Octave Nadia, 26 ans, Physicienne médicale en radiothérapie. Malgré les obstacles matériels dus à une origine très modeste, elle entreprend une formation hyper sélective en physique radiologique, pour la manipulation des équipements d’irradiation en milieu hospitalier et dans les centres anticancéreux. Ses excellentes notes dans le peloton de tête de sa promotion, lui permettent de décrocher un stage au Canada, dans le centre régional de cancérologie de Toronto. Après un DEA de physique en Rayonnements et imagerie médicale, elle a passé son diplôme de qualification en Physique radiologique et médicale auprès de l’Institut national des Sciences et techniques nucléaires de Saclay.



Sandot Audrey, 24 ans, Ingénieur du contrôle de la navigation aérienne, diplômée de l’Ecole nationale de l’Aviation civile de Toulouse. Fait actuellement ses stages de qualification à Reims, pour l’exercice du contrôle sans surveillance.

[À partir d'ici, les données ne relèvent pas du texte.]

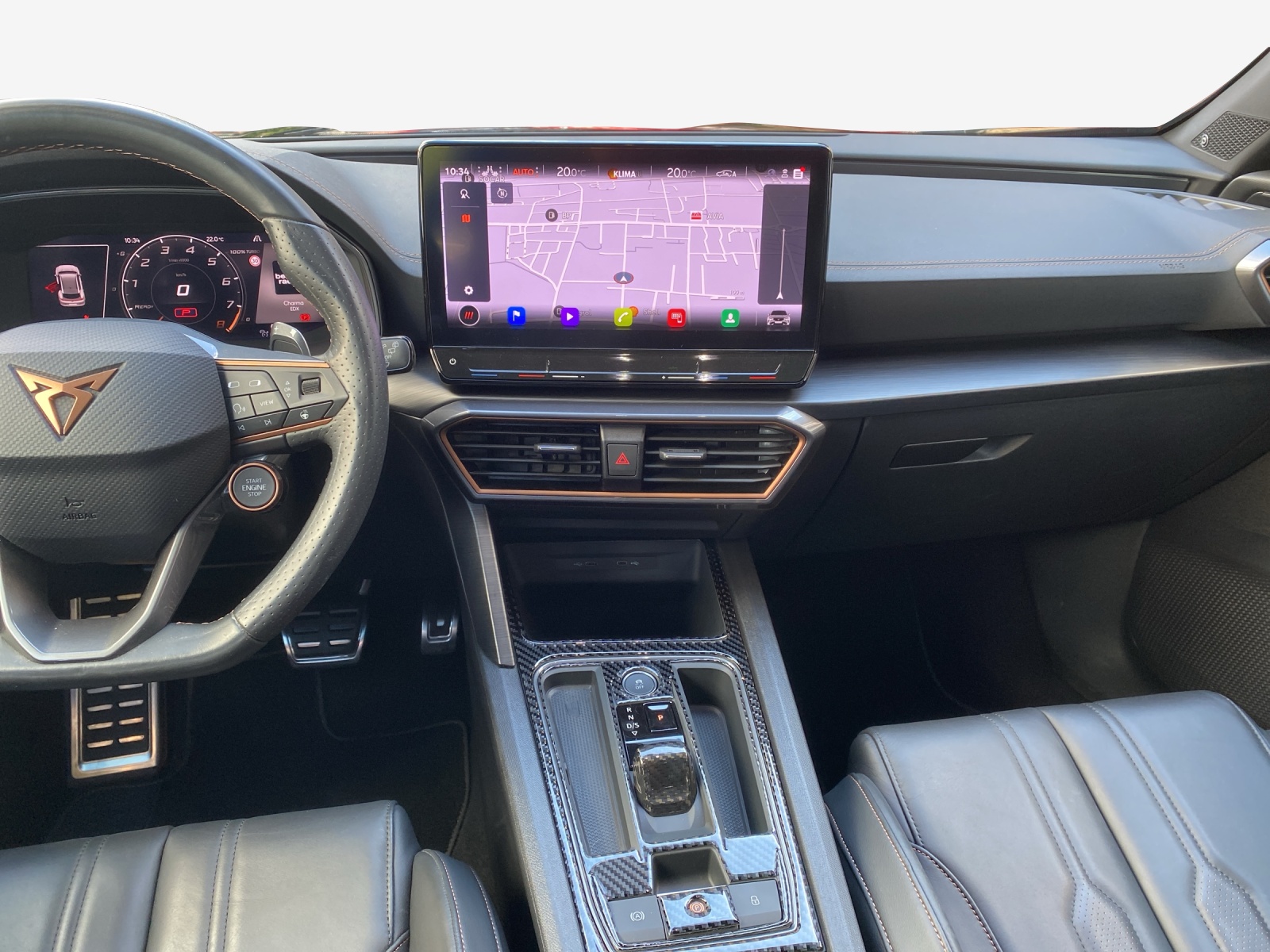 CUPRA Formentor 2.5TSI VZ5 4Drive DSG-image-10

Verdol Frédéric, 29 ans, Ingénieur-Chercheur à EDF, spécialiste de systèmes énergétiques et de gestion de l’environnement. Mastère de l’Ecole des Mines de Paris. Tout en travaillant à mi-temps, il compte présenter en février 2006 l'entrée à Sciences-Po Paris pour entreprendre une formation en management et en relations internationales, afin d’orienter ses compétences vers l’expertise internationale pour des institutions comme la Banque mondiale ou l’Agence internationale de l’Energie. Membre bénévole de l’Association Electriciens sans frontières, il participe également à une mission financée par le Ministère français des Affaires étrangères sur la maîtrise de la demande d’énergie dans la bande de Gaza en Palestine, dans le cadre de la réhabilitation du réseau électrique d’un camp de réfugiés.

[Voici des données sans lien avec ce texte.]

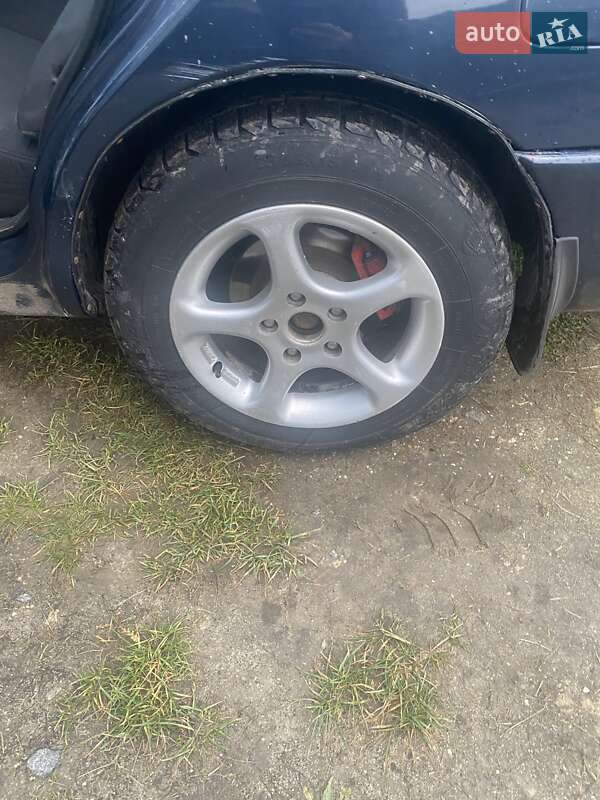 Седан Mazda 626 1995 в Шепетівці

Cette Opération des Talents de l’Outre mer a permis de constater que certains jeunes domiens n’hésitent pas à investir des filières innovantes ou réputées difficiles. HEC, ESSEC (6 candidats), Ecoles supérieures de commerce, mais aussi Ecole des Mines, physiciens de haut niveau, ingénieurs, diplômés de l’aéronautique (2 filles ingénieurs du contrôle aérien diplômées de l’ENAC de Toulouse). Les candidatures issues de disciplines techniques et scientifiques sont en effet plus nombreuses que celles de filières classiques (droit, socio, psycho, éducation physique) ou culturelles (arts graphiques, cinéma, arts, théâtre, musique). Deux jeunes filles issues de l’Ecole du Louvres ont fait acte de candidature, dont l’une particulièrement remarquable qui s’est distinguée dans la programmation d’expositions pour de prestigieux musées (Paris, Suède, USA).

Concernant les disciplines manuelles, l’attention du jury a été retenue par le cas de deux jeunes qui, ayant été obligé d’interrompre leur scolarité pour travailler, ont repris des études pour arriver à un haut niveau de technicité grâce à des formations qualifiantes.

A noter enfin que loin de se laisser décourager par un premier échec en prépa, médecine ou pharmacie, dû aux difficultés d’adaptation de leur première année d’étudiant en France, certains de ces brillants lauréats se sont réorientés avec succès vers d’autres filières de pointe.

Quant au jury, il était constitué de 7 membres dont le Président du Casodom ainsi que des professeurs d’université, des chefs d’entreprises, le président d’une école supérieure d’informatique et un médecin.